Кроме того, Россия по-прежнему находится на дне социального капитала доверия. Мы, конечно, не достигли рекорда послевоенной Германии, где после нацизма и военного разгрома 92 процента населения отвечали, что людям доверять нельзя. У нас недоверчивых чуть меньше — 70 процентов. С другой стороны, сегодня появляются косвенные признаки, что перелом во взаимном доверии уже близок. Если это произойдет, у нас появятся люди, которые не только хотят модернизации, но и что-то могут сделать, потому что могут кому-то доверять.
Часто возникает вопрос: как с таким обществом делать модернизацию и нельзя ли вообще без него обойтись? Нельзя. Потому что модернизация — это двусторонний процесс. Для перехода на постиндустриальную фазу нужно привести в действие мозги и инициативу очень многих людей, которые по команде не работают. Это вам не 10 заводов в степи построить. Но и модернизация снизу — плохая штука, она называется революцией и измеряется в человеческих смертях. Даже если вы во время революции не убиваете людей, это значит, что они все равно умрут потому, что рухнули стены и крыша дома, в котором они жили.
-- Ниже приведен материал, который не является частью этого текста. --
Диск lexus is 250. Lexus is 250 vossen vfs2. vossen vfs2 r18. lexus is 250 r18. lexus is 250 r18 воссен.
Сжигать правила очень вредно: потом постоянно хочется сжечь их еще раз.
Не стоит думать, что в Кремле, например, ни у кого нет долгого взгляда. Говорят, что у них там все хорошо и они ни в чем не заинтересованы. Неправда: 10 лет назад у нас тоже были олигархические группы, которые прекрасно себя чувствовали. И где они сейчас? Нынешние группы понимают, что с ними может произойти точно такая же история: голодные группы с влиянием, которые хотят потеснить правящую, есть всегда, даже сейчас. И нужно себя от этого страховать.
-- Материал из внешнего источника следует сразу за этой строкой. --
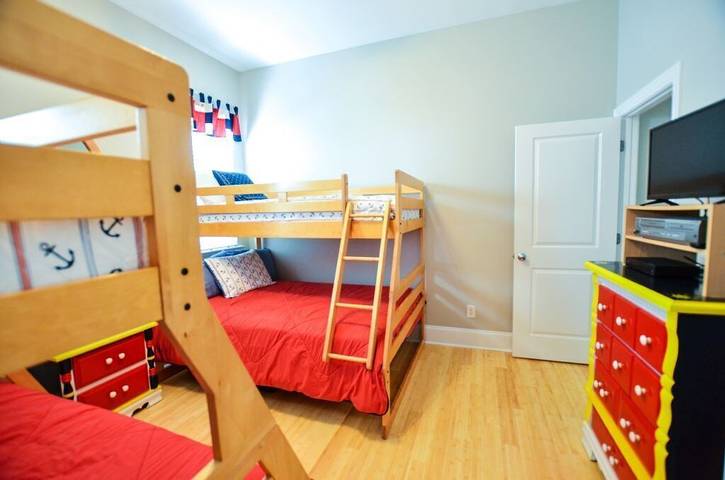 Vacation rental for 10 people, with balcony and pool in Carolina Beach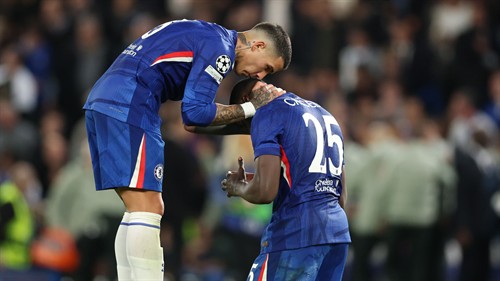 Enzo & Caicedo 'not leaders' & 'don't deserve' to play for Chelsea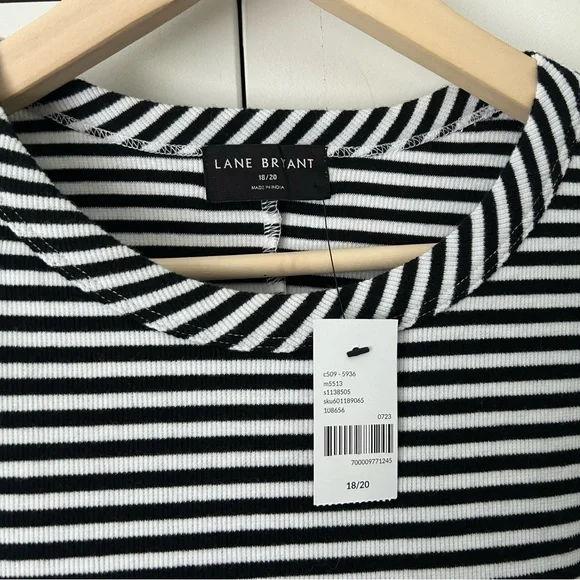 Striped Tank Top - Picture 3 of 4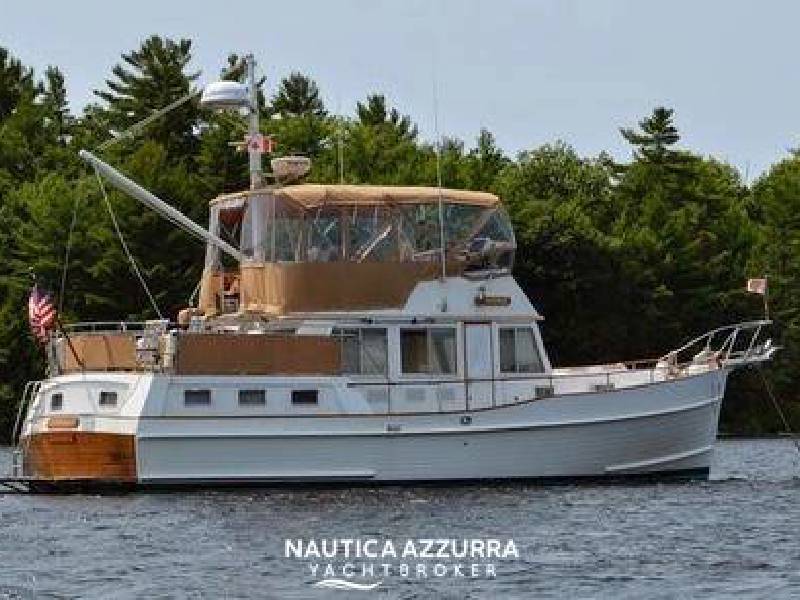 Grand Banks 42 Motoryacht Foto 2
Или другая угроза — миф об энергетической державе. Когда-то его аналог утянул на дно Аргентину: там власти решили, что мясо и зерно всегда будут продаваться. И нынешнему Кремлю вполне понятно, что с каждым циклом, оставаясь верными этому мифу, мы будем потихоньку сползать: будущее видится совсем не безоблачным. Даже какие-то прагматические вопросы подталкивают к модернизации. Без нее, например, наше участие в транснациональных компаниях, вхождение в ВТО — весьма проблематично. Партнеры за рубежом считают, что собственность в России не вполне легальная, легитимная. И, учитывая это темное прошлое, готовы принимать наших игроков только с дисконтами, предоставляя им, например, на 40 процентов меньшие доли. Это уже потери нынешних правящих групп.
Проиграют пассивные
Конечно, любые перемены тоже травматичны, и модернизация всегда делается за чей-то счет. И в этот раз, на мой взгляд, проиграют те, кто не будет играть. Если что-то начнется, проиграют пассивные. Это совсем не обязательно пенсионеры. Наш нынешний политический режим отличается от докризисного не в последнюю очередь тем, что пенсионеры и бюджетники улучшили свое положение относительно других: социальную сферу накачивали деньгами. Они будут решать судьбу выборов, если не раскрутится маховик инфляции. И у них нет прямой незаинтересованности в модернизации, даже наоборот. Я думаю, все пенсионеры хотят, чтобы их внуки работали не в Бельгии и Сингапуре, а поближе к дому. Зато явно недовольными окажутся значительные группы бюрократии. И с ними придется идти на сделки: давать компенсации, почетные должности, перемещать внутри элиты. Потому что нужно понимать, что у модернизации никакой реальной силы нет. За нее придется торговаться, по крайней мере в том случае, если удастся людей убедить, что она нужна.